18 Февраля . — 17 Р. Солнце. И до того противен человечишка и так он часто на глаза попадается — сказать невозможно, где есть такой зверь, такой гад на земле. Ехали через Бражнино, посмотрели господский дом, ну и дом! на каждой ступеньке вверх сидит куча-две, а наверху школа и ячейка, все изодрано, избито, штукатурка осыпалась, пол шатается, вконец разбитый рояль, и танцуют здесь в шубах и валенках; ну как тут не сказать вместе с благочестивой Ипатьевной, что это бесовский пляс. Так говорила Ипатьевна: «Изба эта стояла на краю села, давно никто в ней не жил, ни окон, ни дверей, а тут слышим, музыка и пляшут и свищут, идем к избе — огни! народу лик ликом и все в масках звериных. Перекрестились мы, петух прокричал, и вдруг изба зашаталась и стала в землю, как в воду, уходить, тихо, незаметно шла, вот по завалинку, вот по окна, а там все поют, все пляшут и музыка играет, как будто ништо им! Вот и окна скрылись и крыша, и не видно ничего стало, а все гик и свист слышится. И трубы скрылись, и нет ничего — ровное место, а все будто маленечко жундит и топочет под землей. Настанет срок, — говорила Ипатьевна, — так и все наше сквозь землю провалится, и срок, кто грамотный, в книгах указан».

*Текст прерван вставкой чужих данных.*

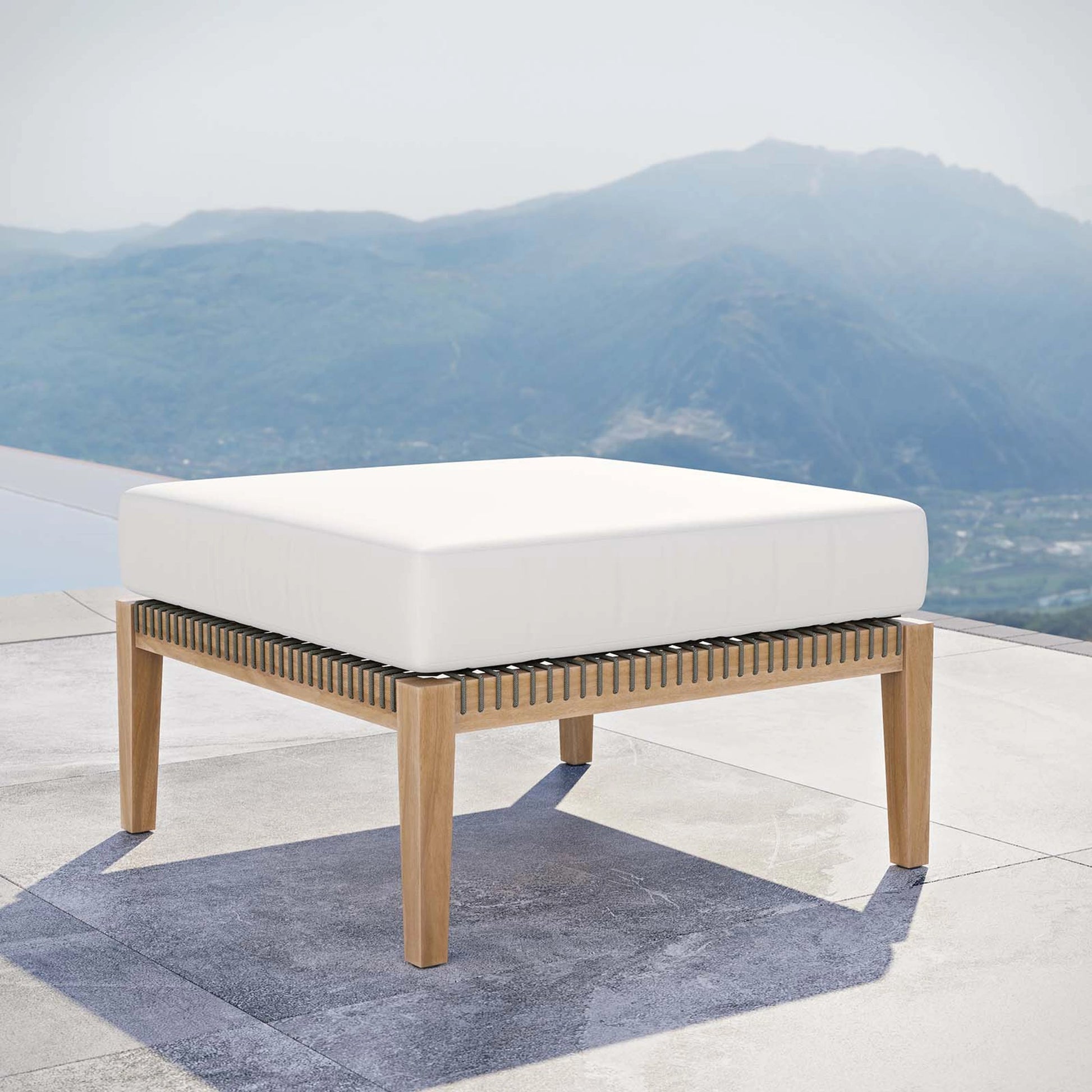 Cooper Teak Wood Ottoman by Evans & Londeen. Made from cartenza 130 white, cartenza 181 light brown, valtos 121 navy, quick dry foam, tack glides leg, weight capacity: 226kgs. in a modern style.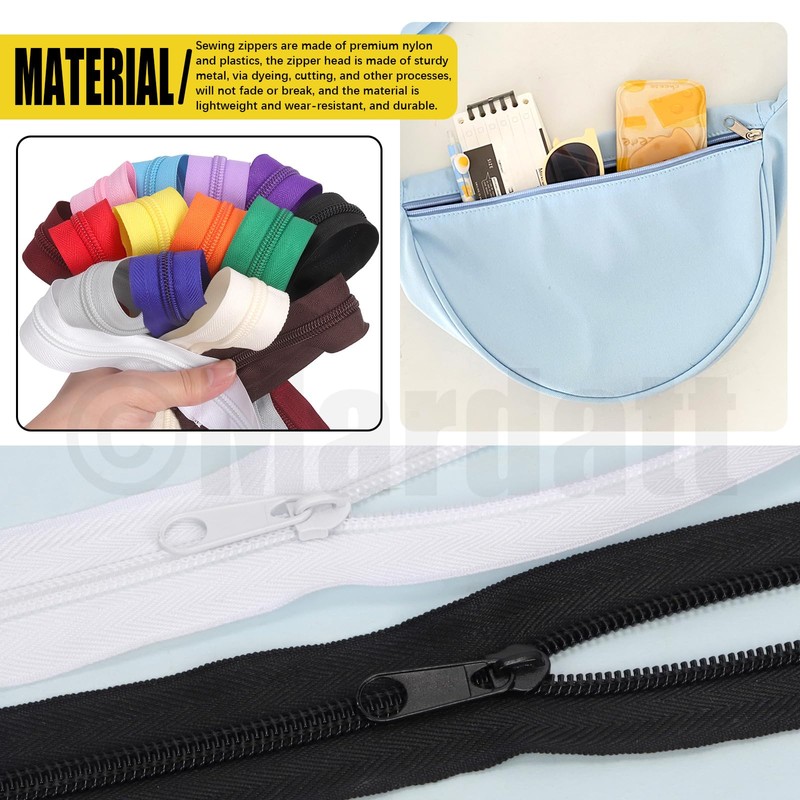 Mardatt 81 Pieces Zip Repair Kit, 10 Yards #5 Nylon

В книгах ищут срока, у кого есть Библия, собираются в избу и читают, читают. Наш Вас. Ив. плотно засел за Библию, распределил в день по сколько-то глав и хочет всю Библию прочесть от начала и до конца.
Как хорошо уехать из города и не видеть, не слышать человечишка, везде кругом леса темные и между ними голубые полянки, расступятся леса, начнутся голубые поля, все голубое, чистое, без-человечно прекрасное!
Мелькнула, как сон, моя голубая весна, какой сон! счастье мое, а сны тоже земные, снятся монахи в полуночи, идут вокруг ограбленного, засранного монастыря вместо свечей в руках с лучинками, и одеты монахи в подрясниках из ковров, и кто-то шепчет: «Вот до чего дожили, монахи ковры перешивают».